Ombudsman Soroti Masalah Limbah Medis di Masa Pandemi

JAKARTA  – Ombudsman Republik Indonesia (RI), dalam tinjauannya, menyoroti masalah dalam pengelolaan limbah medis pada masa pandemi Covid-19.

“Kesadaran tentang pengelolaan limbah medis ini belum merata di Indonesia,” kata anggota Ombudsman RI, Alvien Lie, saat menyampaikan keterangan pers mengenai tinjauan Ombudsman RI via daring di Jakarta, Kamis (4/2/2021).

Dalam tinjauannya, Ombudsman RI memperkirakan timbulan limbah medis meningkat pada masa pandemi, dan menyebutkan bahwa timbulan limbah medis dari kegiatan penanganan Covid-19 saja bisa mencapai 138 ton per hari.

Kendati demikian, menurut Ombudsman, pemahaman pemerintah daerah mengenai pengelolaan limbah medis masih minim, dan sebagian daerah belum memiliki peraturan mengenai pengelolaan limbah medis.

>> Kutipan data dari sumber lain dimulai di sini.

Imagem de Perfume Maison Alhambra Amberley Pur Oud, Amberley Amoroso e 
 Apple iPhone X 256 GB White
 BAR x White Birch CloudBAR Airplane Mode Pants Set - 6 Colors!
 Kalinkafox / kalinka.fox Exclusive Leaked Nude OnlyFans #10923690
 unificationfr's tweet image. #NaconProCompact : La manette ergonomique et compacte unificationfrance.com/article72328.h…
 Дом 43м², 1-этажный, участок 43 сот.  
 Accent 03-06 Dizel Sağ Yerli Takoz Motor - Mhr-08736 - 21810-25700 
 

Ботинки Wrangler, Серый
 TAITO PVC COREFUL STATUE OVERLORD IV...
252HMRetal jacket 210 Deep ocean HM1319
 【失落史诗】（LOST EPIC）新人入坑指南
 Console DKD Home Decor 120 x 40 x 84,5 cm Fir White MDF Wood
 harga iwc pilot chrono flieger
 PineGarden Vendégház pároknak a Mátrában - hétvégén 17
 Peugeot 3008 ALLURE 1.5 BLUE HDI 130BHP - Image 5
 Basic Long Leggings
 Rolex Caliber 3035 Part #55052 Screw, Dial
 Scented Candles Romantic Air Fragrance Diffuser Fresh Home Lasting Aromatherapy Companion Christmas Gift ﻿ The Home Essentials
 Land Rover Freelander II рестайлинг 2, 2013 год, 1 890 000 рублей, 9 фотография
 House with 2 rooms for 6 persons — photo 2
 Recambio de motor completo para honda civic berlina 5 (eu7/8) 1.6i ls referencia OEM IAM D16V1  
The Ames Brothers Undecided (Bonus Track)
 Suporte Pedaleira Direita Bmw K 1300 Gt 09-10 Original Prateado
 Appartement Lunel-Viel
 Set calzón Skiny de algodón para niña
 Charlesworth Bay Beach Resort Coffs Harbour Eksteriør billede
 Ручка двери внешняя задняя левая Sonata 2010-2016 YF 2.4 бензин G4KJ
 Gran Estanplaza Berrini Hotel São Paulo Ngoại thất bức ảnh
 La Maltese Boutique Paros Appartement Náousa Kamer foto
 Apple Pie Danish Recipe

“Di beberapa daerah, kami menemukan, misalnya, antara Dinas Kesehatan dan Dinas Lingkungan Hidup memiliki pemahaman yang berbeda tentang limbah B3 (bahan berbahaya dan beracun),” kata Pelaksana Tugas Kepala Keasistenan Pencegahan Maladministrasi Keasistenan Utama Substansi 6 Ombudsman RI, Mory Yana Gultom, saat memaparkan temuan.

Saat melakukan peninjauan ke daerah, Ombudsman masih mendapati tempat penampungan sampah yang tidak berizin dan tidak memenuhi standar, serta praktik pengumpulan limbah dari depo tidak berizin.

Produsen alat kesehatan dan fasilitas pelayanan kesehatan, menurut Ombudsman belum melakukan upaya konkret untuk mengurangi timbulan limbah medis, yang termasuk kategori B3.

Menurut tinjauan Ombudsman, masih ada penghasil limbah yang tidak mencatat timbulan limbah medis dan penyelenggara pelayanan kesehatan, yang tidak melakukan pemilahan limbah medis.